The allocation could be increased or decreased, depending on precipitation received this winter. The Department of Water Resources, which operates the project, will make monthly announcements about the supply situation.

During the 2015 season, the state delivered 20 percent of contracted amounts to agricultural contractors.

Despite early season storms this fall, levels of reservoirs that serve the project remain at historic lows.

Lake Oroville, for example, is nearing a record low of 882,000 acre-feet set in September 1977. Oroville supplies water to nearly 1 million acres of irrigated farmland, including rice ground, in Northern California.

An acre-foot, about 326,000 gallons, can meet the annual water needs of one two two families, according to Water Education Foundation.

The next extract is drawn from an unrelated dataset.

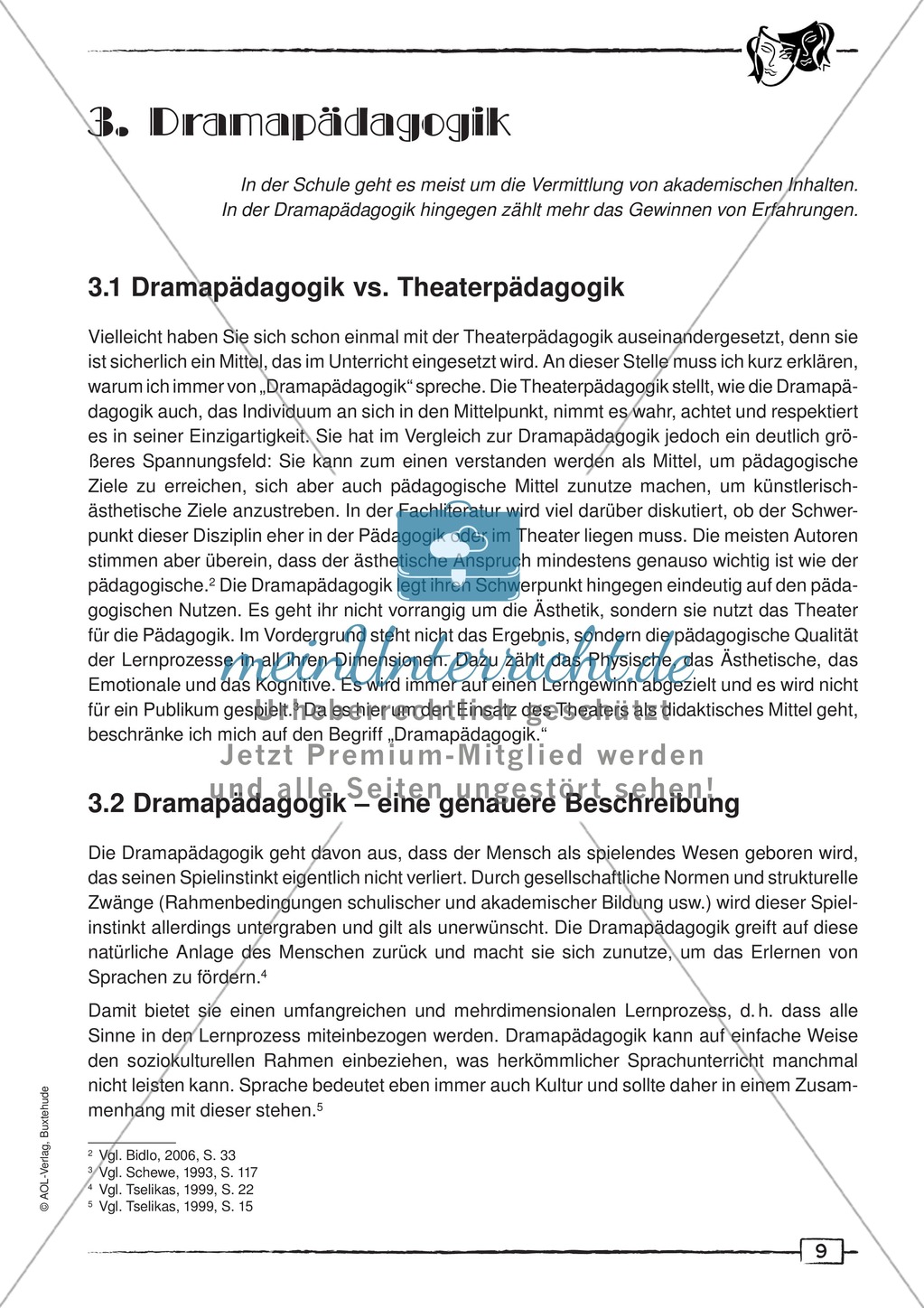 Didaktischer Artikel zur Theorie der Dramapädagogik: Beschreibung + Erwerb sprachlicher Kompetenzen durch Dramaturgie Preview 1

Shasta Lake, the state’s and federal Central Valley Project’s largest reservoir, stands at 29 percent of its 4.5 million acre-foot capacity. And San Luis Reservoir, located south of the Sacramento-San Joaquin River Delta, is at 19 percent of its 2 million acre-foot capacity.

Because of the drought, Gov. Jerry Brown said the state’s urban water users will be required to continue to reduce water use by an average of 25 percent in 2016. He imposed those restrictions in May.

Although 25 percent is an average, several regions of the state were required to conserve more because their baseline use was significantly more than what the state thought they should be using. Those regions were required to cut use by up to 37 percent of their 2013 baseline use.